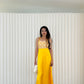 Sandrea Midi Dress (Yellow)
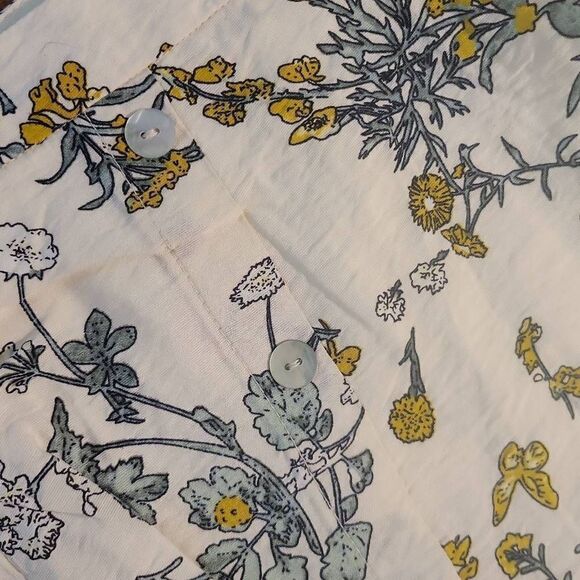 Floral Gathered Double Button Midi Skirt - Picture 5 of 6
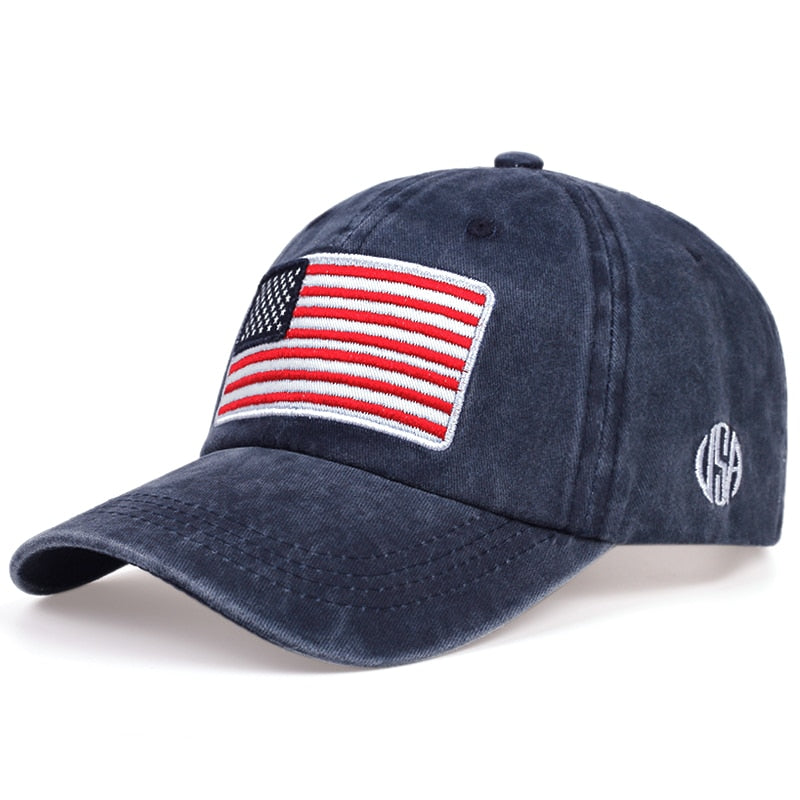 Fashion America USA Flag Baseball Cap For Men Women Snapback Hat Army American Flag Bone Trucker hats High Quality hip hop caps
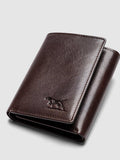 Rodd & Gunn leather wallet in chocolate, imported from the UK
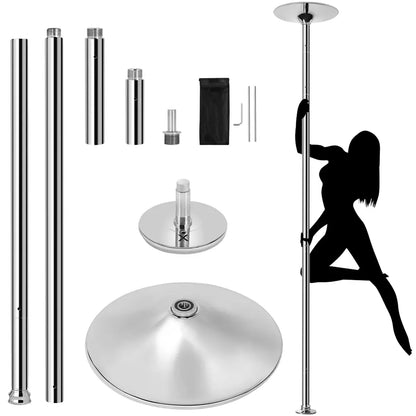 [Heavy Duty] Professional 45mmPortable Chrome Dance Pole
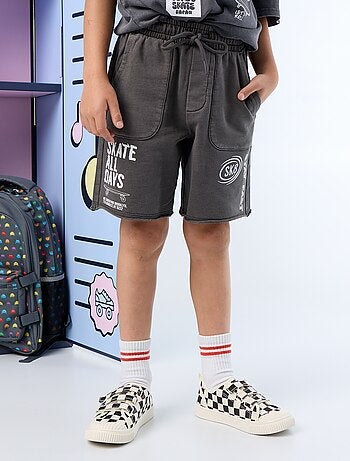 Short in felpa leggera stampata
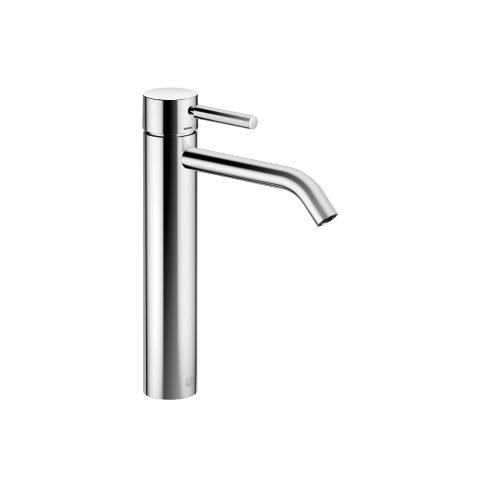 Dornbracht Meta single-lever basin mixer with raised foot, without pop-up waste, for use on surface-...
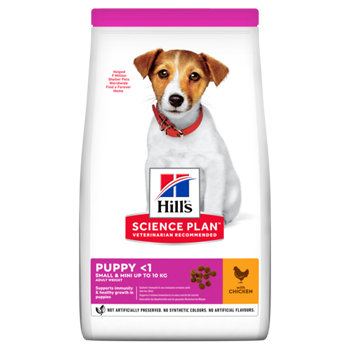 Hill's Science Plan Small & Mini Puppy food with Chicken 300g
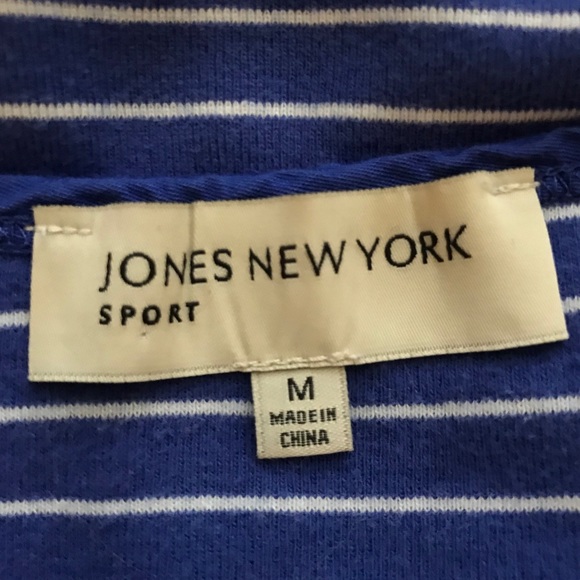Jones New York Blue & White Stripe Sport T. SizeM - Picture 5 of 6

**Exercise description:** What is needed is an exact repetition of every line from the line with "[Heavy Duty] Professional" to the end of the data above, both ends included, with no pictures.

**Answer to the exercise:**
 [Heavy Duty] Professional 45mmPortable Chrome Dance Pole
 Short in felpa leggera stampata
 Dornbracht Meta single-lever basin mixer with raised foot, without pop-up waste, for use on surface-...
 Hill's Science Plan Small & Mini Puppy food with Chicken 300g
Jones New York Blue & White Stripe Sport T. SizeM - Picture 5 of 6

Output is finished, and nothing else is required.